Artikel 88, eerste lid Vlaams Pachtdecreet bepaalt dat het decreet van toepassing is op overeenkomsten die werden gesloten voor de inwerkingtreding ervan en voor zover deze niet werden opgezegd. Uit de parlementaire voorbereiding blijkt dat voor lopende opzeggingen de regels van de oude Pachtwet blijven gelden, onder meer met het oog op de geldigverklaring van de opzegging.
In een procedure waarbij de Vlaamse Landmaatschappij een opzegging had gelanceerd voor doeleinden van algemeen belang werd door de opgezegde pachter opgeworpen dat de nieuwe leefbaarheidstoets diende te worden toegepast op de gegeven opzegging, ook al dateerde die opzegging van voor de inwerkingtreding van het Vlaams Pachtdecreet.
De gevatte rechtbank stelde vast dat de leefbaarheidstoets in principe niet kan worden ingeroepen gelet op de inhoud van artikel 88, eerste lid Vlaams Pachtdecreet.

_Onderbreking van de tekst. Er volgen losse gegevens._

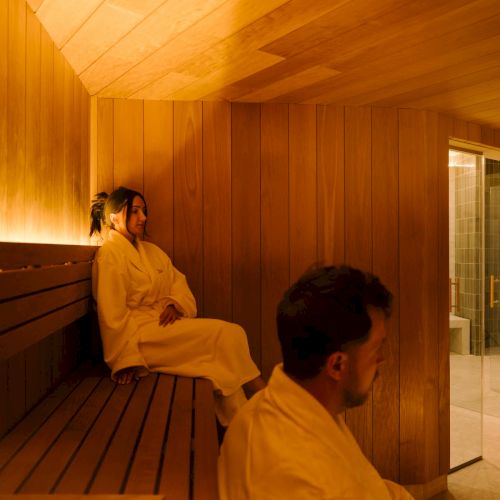 Two people in robes sitting in the sauna.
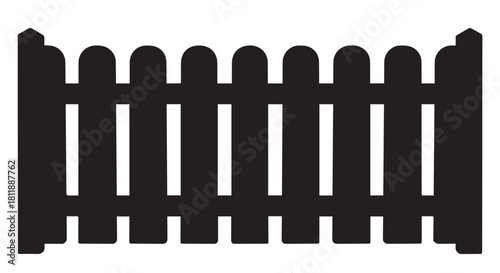 Silhouette of a decorative wooden picket fence forming a continuous boundary.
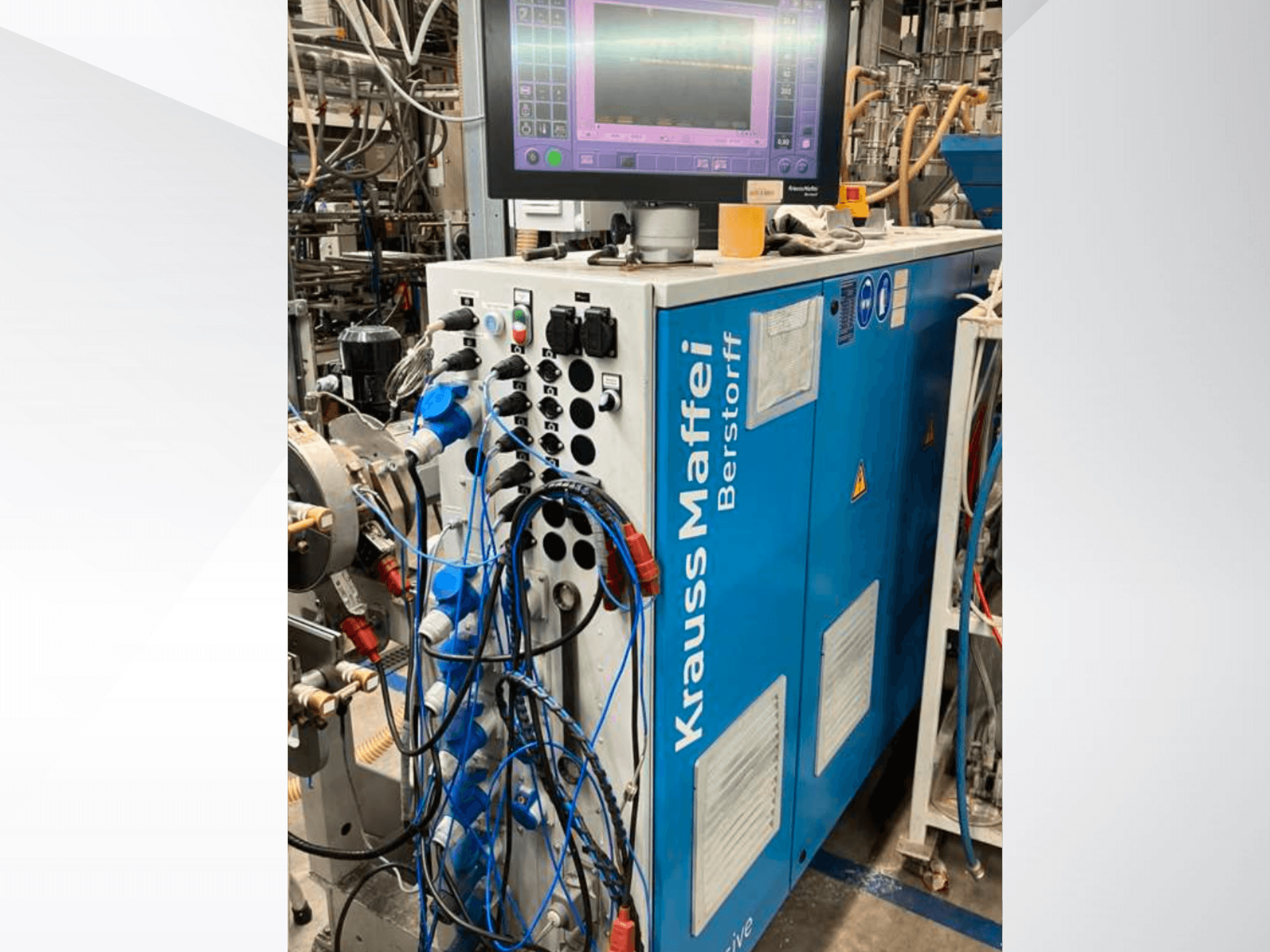 Промышленная машина Krauss Maffei Berstorff с панелью управления и монитором, с различными кнопками и подключенными шлангами, вид сбоку.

De rechtbank achtte het wel noodzakelijk om de volgende prejudiciële vraag te stellen aan het Grondwettelijk Hof:
« Schendt de overgangsbepaling van artikel 88, eerste lid, laatste zinsnede (‘ ... en die niet werden opgezegd ’) [van het Vlaams Pachtdecreet van 13 oktober 2023] de artikelen 10 en 11 van de Grondwet, doordat pachters met een pachtovereenkomst afgesloten vóór 1 november 2023 die werd opgezegd vóór die datum geen toepassing kunnen vorderen van de weigeringsgrond / mogelijkheid tot beperking van de geldigverklaring van de pachtopzegging uit artikel 19 § 7 van het Vlaams Pachtdecreet en pachters met een pachtovereenkomst afgesloten vóór 1 november 2023 die werd opgezegd op of na 1 november 2023 daarvan wel toepassing kunnen vorderen wanneer werd opgezegd voor de aanwending van percelen voor doeleinden van algemeen belang door een openbaar verpachter met het oog op bebossing of natuurrealisatie? ».

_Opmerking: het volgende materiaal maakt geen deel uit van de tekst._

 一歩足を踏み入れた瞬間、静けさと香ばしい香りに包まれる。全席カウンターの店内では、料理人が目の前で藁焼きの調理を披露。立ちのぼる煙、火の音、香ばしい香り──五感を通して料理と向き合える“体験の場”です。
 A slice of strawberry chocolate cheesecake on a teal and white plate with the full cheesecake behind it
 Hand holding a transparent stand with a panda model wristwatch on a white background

In een arrest van 20 februari 2025 (met nummer 31/2025) heeft het Grondwettelijk Hof deze prejudiciële vraag negatief beantwoord.
Het Hof verduidelijkt dat het beginsel van gelijkheid en niet-discriminatie niet uitsluit dat een verschil in behandeling tussen categorieën van personen wordt ingesteld, voor zover dat verschil op een objectief criterium berust en het redelijk verantwoord is.

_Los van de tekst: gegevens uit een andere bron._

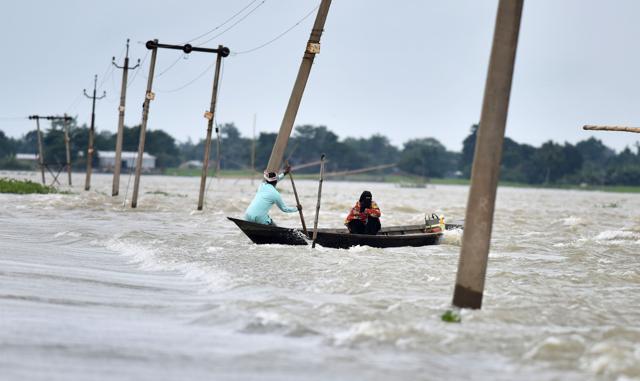 Indian villagers paddle a boat along a submerged road in the flood-affected Ashighar village in Assam on Tuesday. (AFP) Indian villagers paddle a boat along a submerged road in the flood-affected Ashighar village in Assam on Tuesday. (AFP)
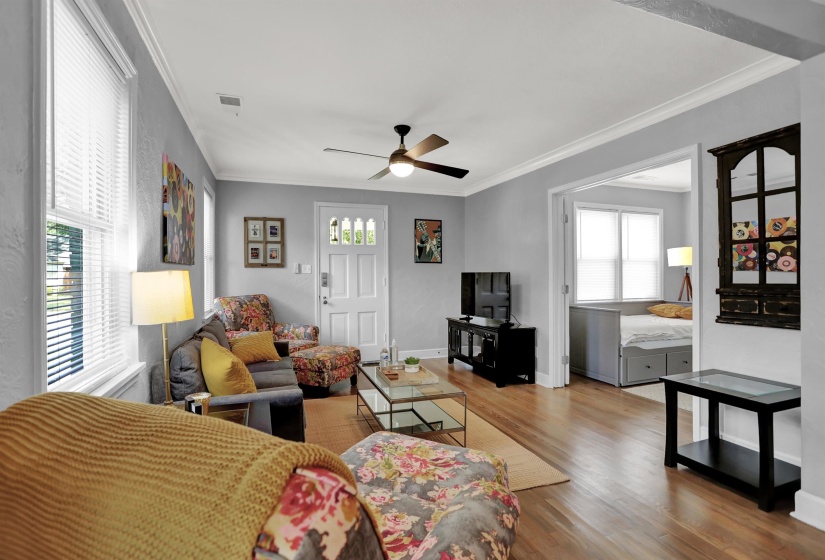 Living area featuring visible vents, a ceiling fan, ornamental molding, and wood finished floors
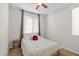 Bright bedroom featuring neutral walls, carpeted floors, and a cozy double bed at 1920 E Bell Rd # 1034, Phoenix, AZ 85022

Het beginsel van gelijkheid en niet-discriminatie wordt slechts geschonden indien de overgangsregeling of de ontstentenis daarvan tot een verschil in behandeling leidt waarvoor geen redelijke verantwoording bestaat of indien aan het vertrouwensbeginsel op buitensporige wijze afbreuk wordt gedaan.
Het Hof merkt op dat het verschil in behandeling in het voorliggende geval op een objectief criterium gebaseerd is, met name de datum waarop de pachtovereenkomst is opgezegd. Uit de voorbereiding bij het decreet blijkt dat men met artikel 88, eerste lid Vlaams Pachtdecreet wilde vermijden dat een vóór de inwerkingtreding van het decreet geldig gegeven opzegging alsnog ongeldig zou worden verklaard op grond van een bepaling van dat nieuwe decreet. Die doelstelling is volgens het Hof legitiem.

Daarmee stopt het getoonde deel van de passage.